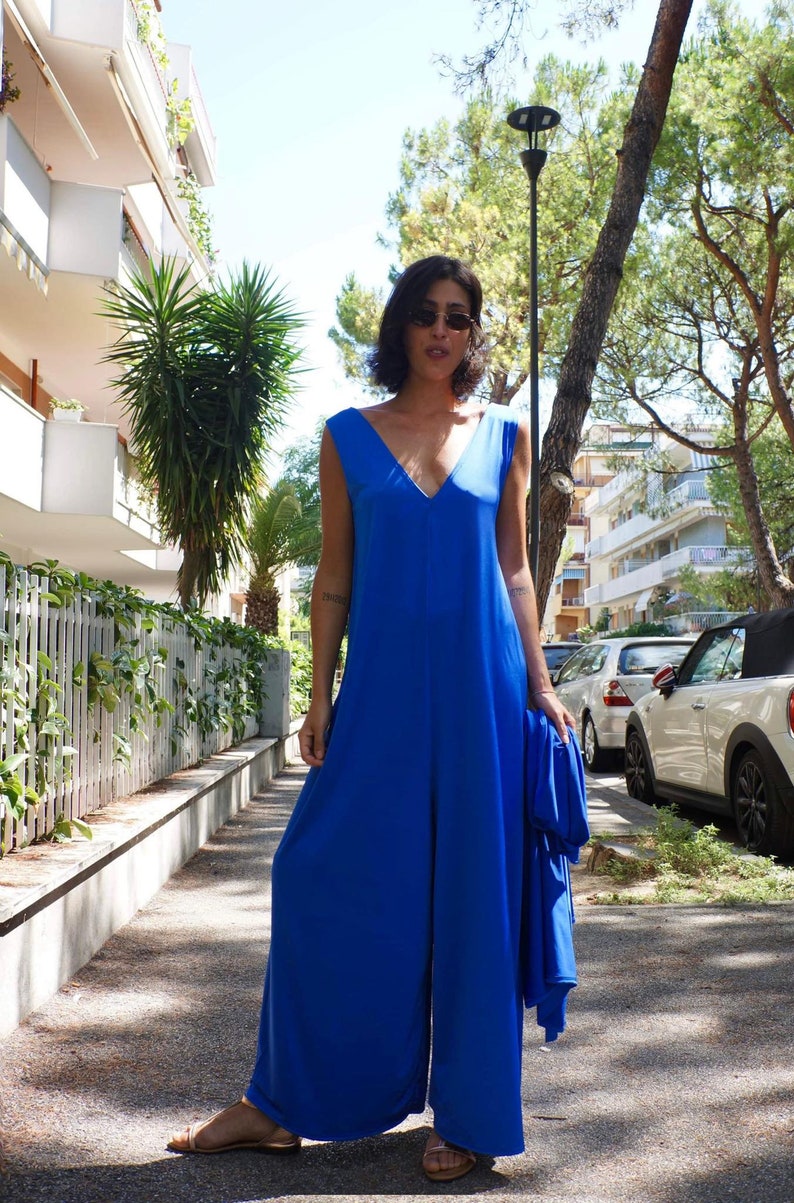 Puede incluir: Mono sin mangas azul real con dise&ntilde;o de pernera ancha y cuello en V. La modelo lleva gafas de sol y sostiene una chaqueta azul a juego. La foto est&aacute; tomada al aire libre en un d&iacute;a soleado.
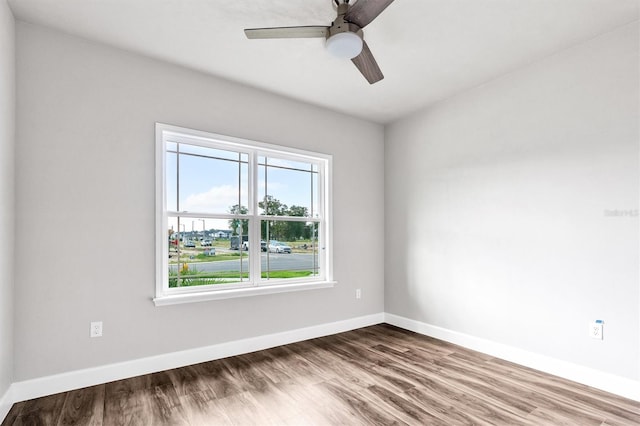 unfurnished room featuring ceiling fan and wood-type flooring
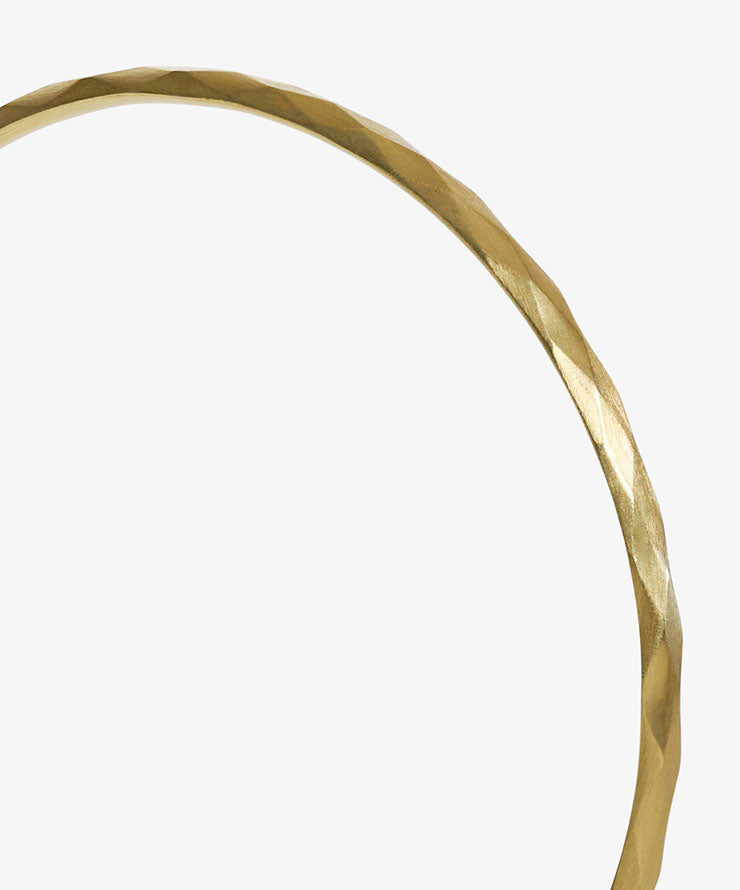 Close-up of a person wearing a brown garment with a belt and cuff details.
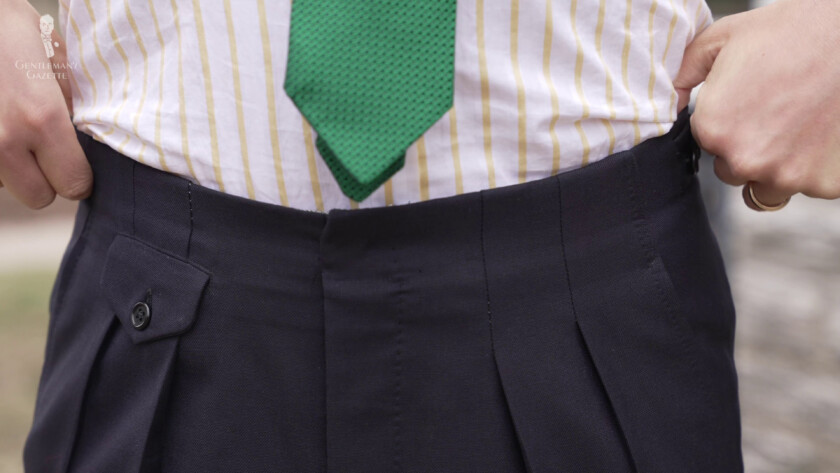 The trousers have outward-facing pleats and don't come with a waistband.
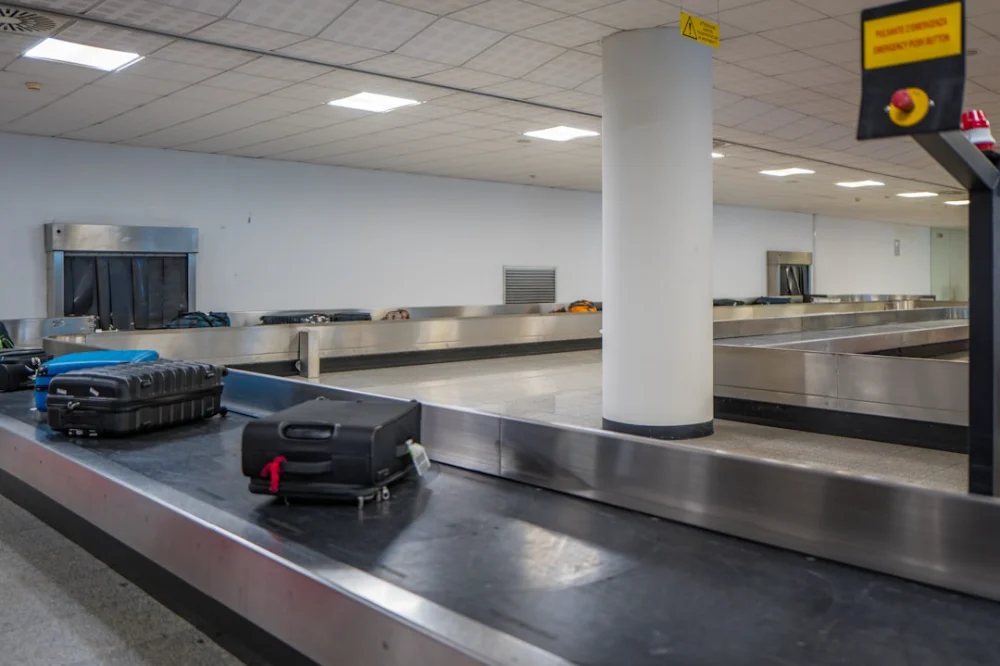 Luggage on a conveyor belt at an airport baggage claim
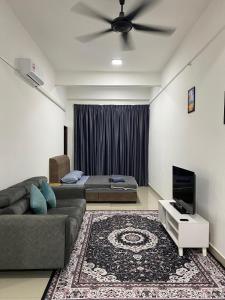 a living room with a couch and a ceiling fan at Mekla Hotel Studio Apartment in Gua Musang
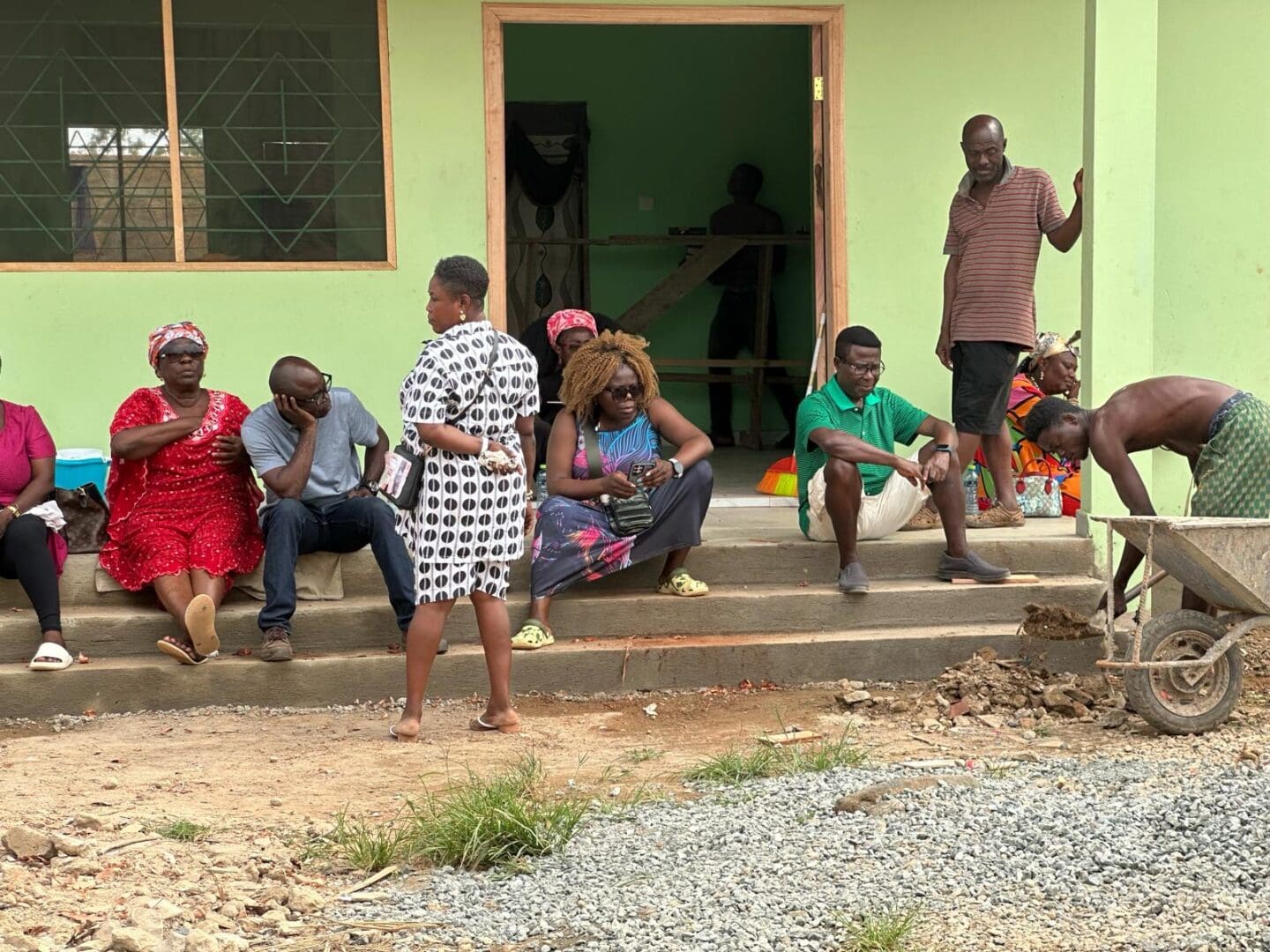 A group of people sitting on steps outside a house.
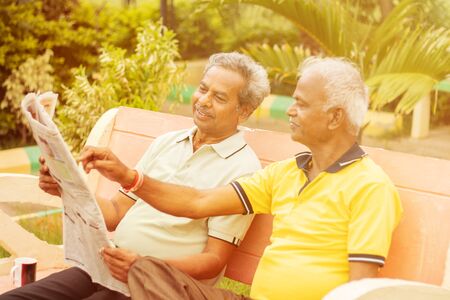 Two happy senior men reading newspaper at park outdoor - elderly friends enjoying moring news -...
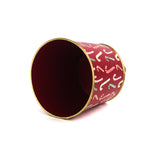 Red tole cachepot with gold trim and candy cane design, shown on its side to display interior.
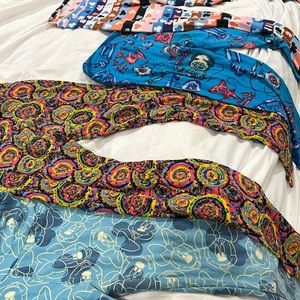 4 pairs of fun-print, OS Lularoe leggings - fits small/medium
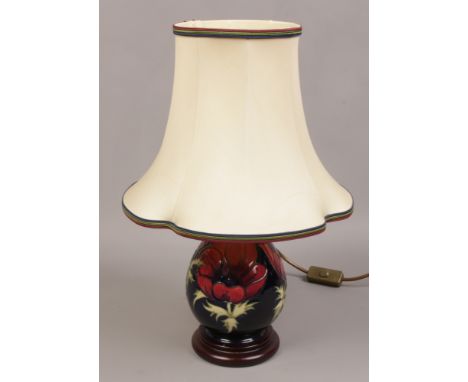 A Moorcroft table lamp in the Anemone pattern. 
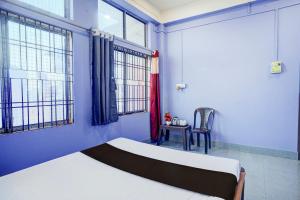 a bedroom with blue walls and a bed and a chair at Hotel O Dream Lodge in Nowgong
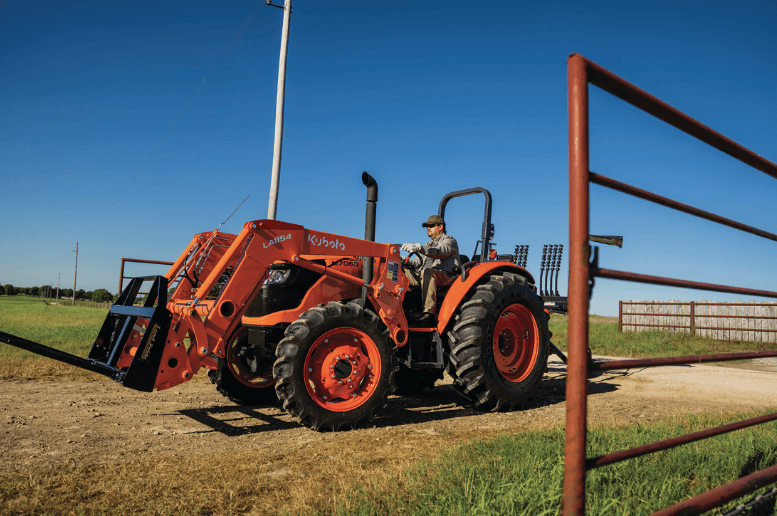 Man driving utility tractor through an open gate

○ ○ ○ ○ ○

Brief — Excluding any pictures, print exactly the lines of the listing above from the line with "unfurnished room featuring" to the line with "a living room", both ends included.

Reply —
 unfurnished room featuring ceiling fan and wood-type flooring
 Close-up of a person wearing a brown garment with a belt and cuff details.
 The trousers have outward-facing pleats and don't come with a waistband.
 Luggage on a conveyor belt at an airport baggage claim
 a living room with a couch and a ceiling fan at Mekla Hotel Studio Apartment in Gua Musang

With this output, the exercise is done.